JEP 455: Primitive types in Patterns, instanceof, and switch (Preview)

OwnerAngelos Bimpoudis
TypeFeature
ScopeSE
StatusCandidate
Componentspecification / language
Discussionamber dash dev at openjdk dot org
EffortM
DurationM
Reviewed byAlex Buckley, Brian Goetz
Endorsed byBrian Goetz
Created2022/06/15 10:05
Updated2023/11/17 23:27
Issue8288476

Summary

Enhance pattern matching by allowing primitive type patterns in all pattern contexts, and extend instanceof and switch to work with all primitive types. This is a preview language feature.

Goals

Non-Goals

Motivation

There are a number of restrictions, mostly pertaining to primitive types, that impose friction in using pattern matching, instanceof, and switch. Eliminating these restrictions would make the Java language more uniform and expressive.

Pattern matching for switch

The first restriction is that pattern matching for switch does not support primitive type patterns, i.e., type patterns that specify a primitive type. Only type patterns that specify a reference type are supported, such as case Integer i or case String s. (Since Java 21, record patterns are also supported in switch.)

With support for primitive type patterns in switch, we could improve this switch expression:

switch (x.getStatus()) {
    case 0 -> "okay";
    case 1 -> "warning";
    case 2 -> "error";
    default -> "unknown status: " + x.getStatus();
}

by turning the default clause into a case clause with a primitive type pattern that exposes the matched value:

switch (x.getStatus()) {
    case 0 -> "okay";
    case 1 -> "warning";
    case 2 -> "error";
    case int i -> "unknown status: " + i;
}

Supporting primitive type patterns would also allow guards to inspect the matched value:

switch (x.getYearlyFlights()) {
    case 0 -> ...;
    case 1 -> ...;
    case 2 -> issueDiscount();
    case int i when i>=100 -> issueGoldCard();
    case int i -> ... appropriate action when i>2 && i<100 ...
}

Pattern matching with record patterns

The second restriction is that record patterns have limited support for primitive types. Record patterns streamline data processing by decomposing a record into its individual components, but when a component is a primitive value, the record pattern must be extremely precise about the type of the value. This is inconvenient for developers and inconsistent with the presence of helpful automatic conversions in the rest of the Java language.

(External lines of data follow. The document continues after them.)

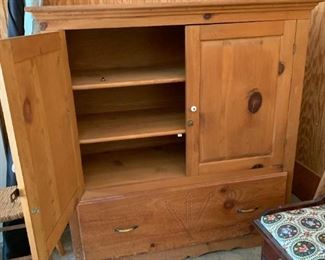 #60	pine cabinet with 1 drawer and shelves and 2 door 47x19x49	$75 
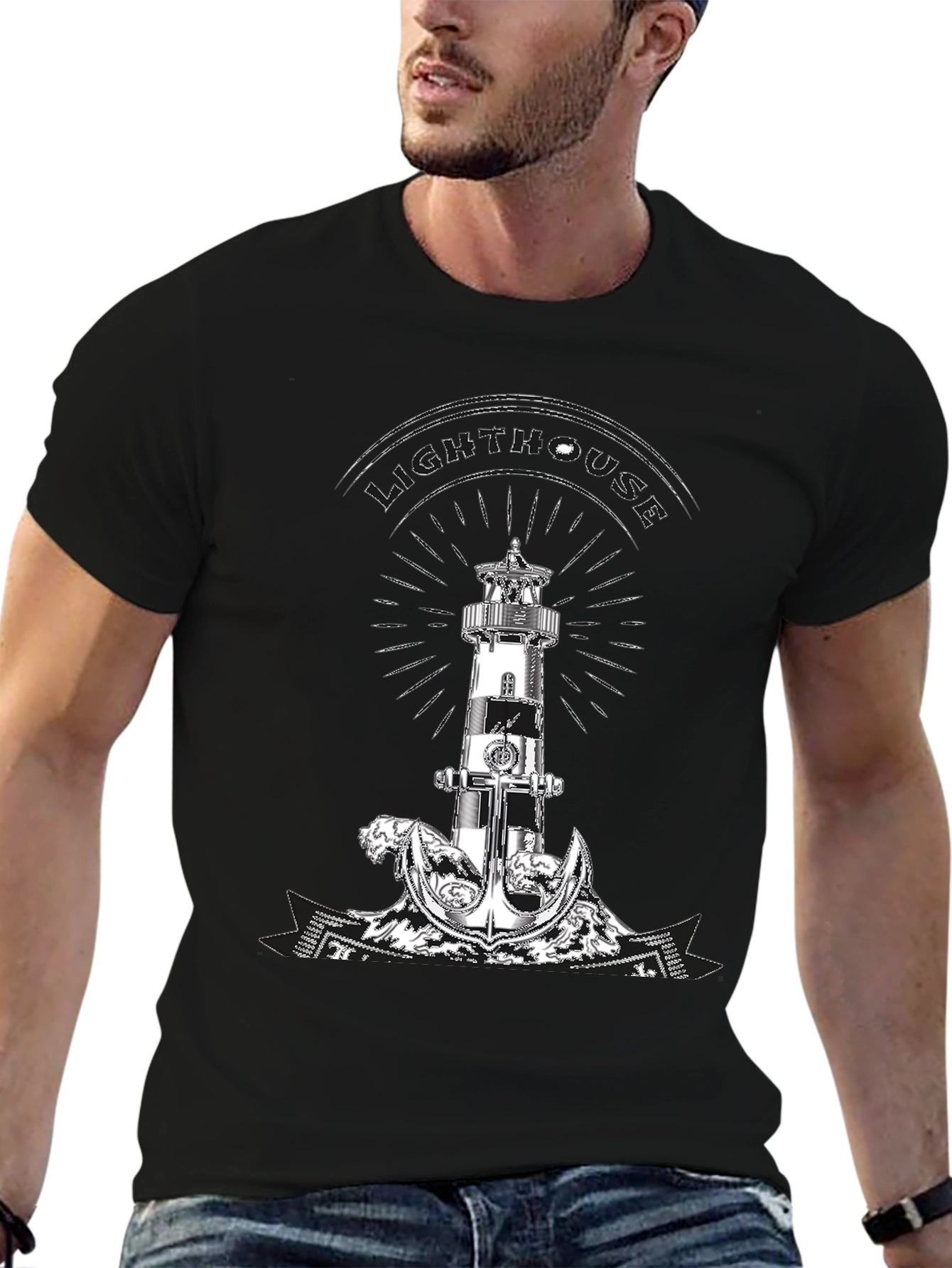 Lighthouse Anchor Graphic Tee - Nautical Style
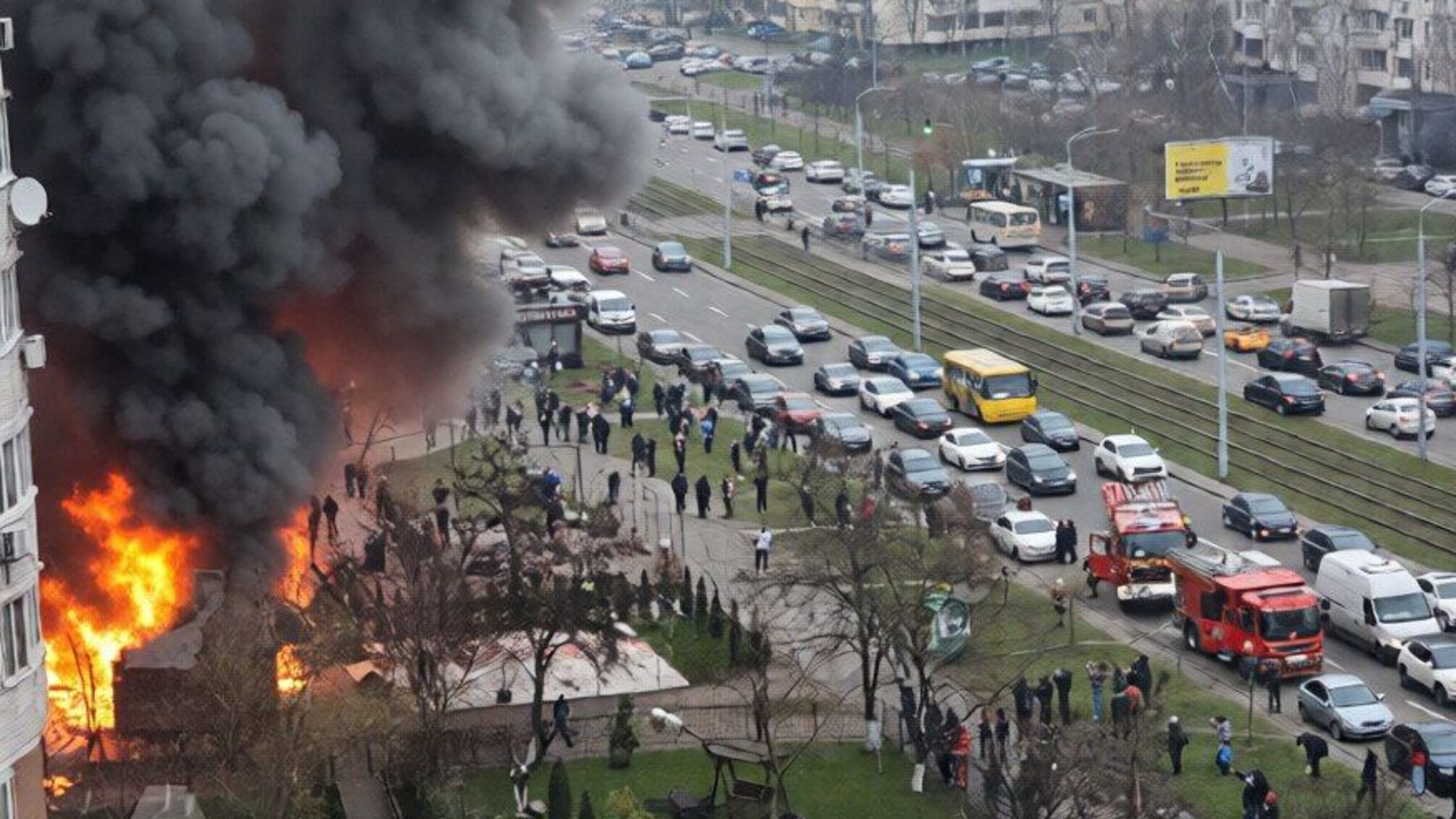 Масштабна пожежа на Позняках: кафе охопило полум’я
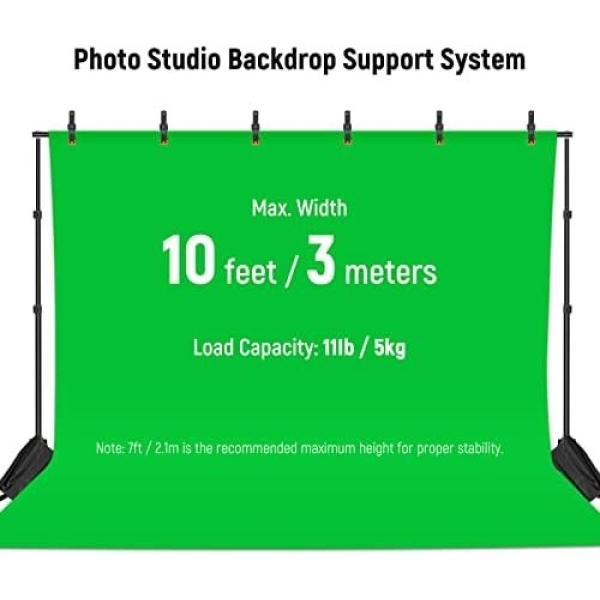 Neewer Photo Studio Backdrop Support System, 10ft/3m Wide 6.6ft/2m High - Image 2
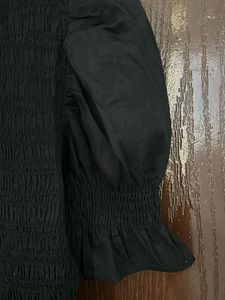 GAP Black Smocked Midi Dress
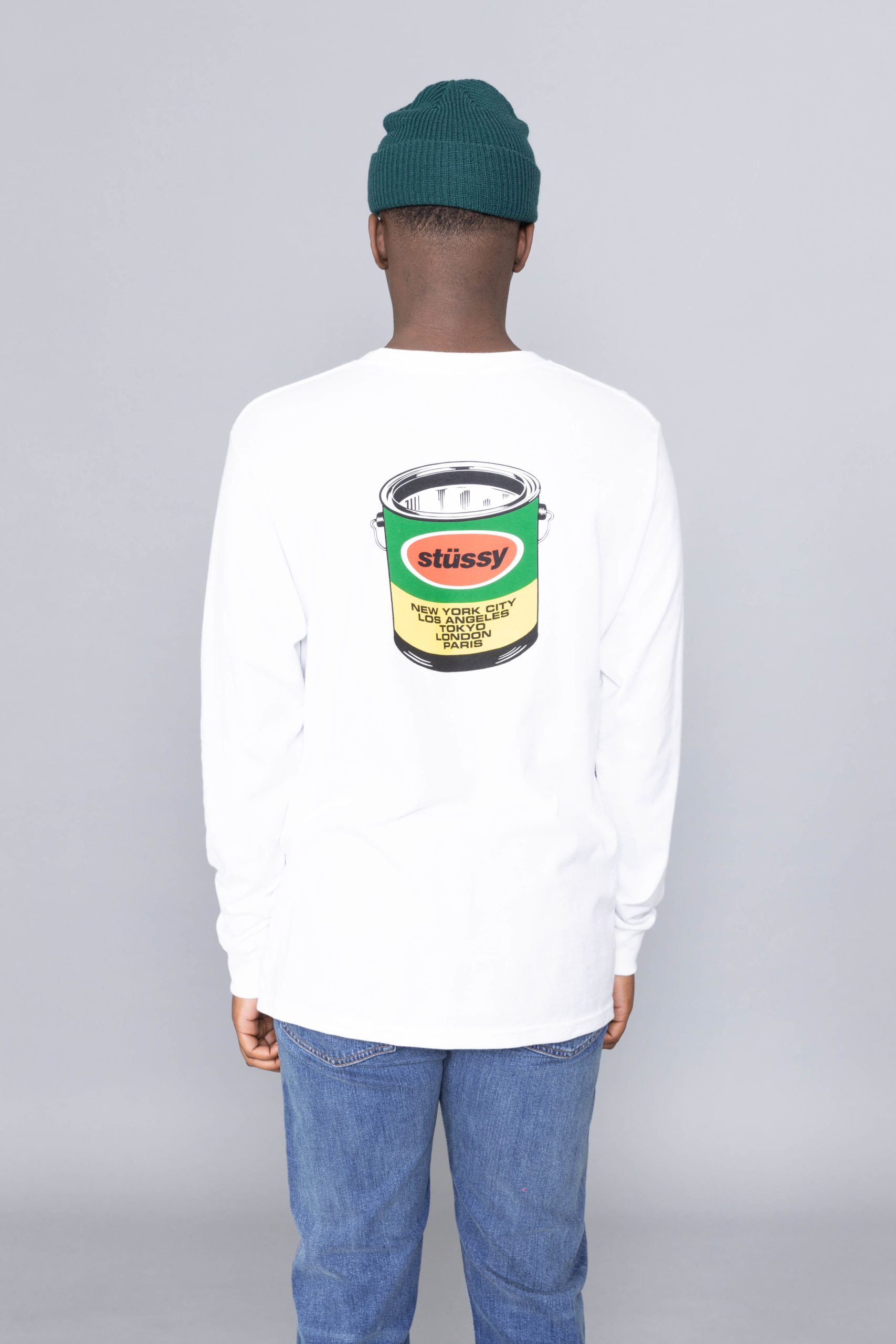 Stussy Paint Can LS Tee White sale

For example, suppose we wish to process JSON data represented via these record classes:

sealed interface JsonValue {
    record JsonString(String s) implements JsonValue { }
    record JsonNumber(double d) implements JsonValue { }
    record JsonObject(Map<String, JsonValue> map) implements JsonValue { }
}

JSON does not distinguish integers from non-integers, so JsonNumber represents a number with a double component for maximum flexibility. However, we do not need to pass a double when creating a JsonNumber record; we can pass an int such as 30, and the Java compiler automatically widens the int to double:

var json = new JsonObject(Map.of("name", new JsonString("John"),
                                 "age",  new JsonNumber(30)));

Unfortunately, the Java compiler is not so obliging if we wish to decompose a JsonNumber with a record pattern. Since JsonNumber is declared with a double component, we must decompose a JsonNumber with respect to double, and convert to int manually:

if (json instanceof JsonObject(var map)
    && map.get("name") instanceof JsonString(String n)
    && map.get("age")  instanceof JsonNumber(double a)) {
    int age = (int)a;  // unavoidable (and potentially lossy!) cast
}

In other words, primitive type patterns can be nested inside record patterns but are invariant: The primitive type in the pattern must be identical to the primitive type of the record component. It is not possible to decompose a JsonNumber via ... instanceof JsonNumber(int age) and have the compiler automatically narrow the double component to int.

The reason for this limitation is that narrowing might be lossy -- the value of the double component at run time might be too large for an int variable. However, a key benefit of pattern matching is that it rejects illegal values automatically, by simply not matching. If the double component of a JsonNumber is too large to narrow safely to int, then ... instanceof JsonNumber(int age) would simply return false, leaving the program to handle a large double component in a different branch.

This is how pattern matching already works for reference type patterns. In the example below, the component of Box is declared as Object but instanceof can try to match a Box with a RedBall component or a BlueBall component.

record Box(Object o) {}
var b = new Box(...);

if (b instanceof Box(RedBall rb)) ...
else if (b instanceof Box(BlueBall bb)) ...
else ....

The record pattern Box(RedBall rb) matches only if b is a Box at run time and its o component can be narrowed to RedBall; Box(BlueBall bb)matches only if itsocomponent can be narrowed toBlueBall`.

In record patterns, primitive type patterns should work as smoothly as reference type patterns, allowing JsonNumber(int age) even if the corresponding record component is a numeric primitive type other than int. This will eliminate the need for verbose and potentially lossy casts after matching the pattern.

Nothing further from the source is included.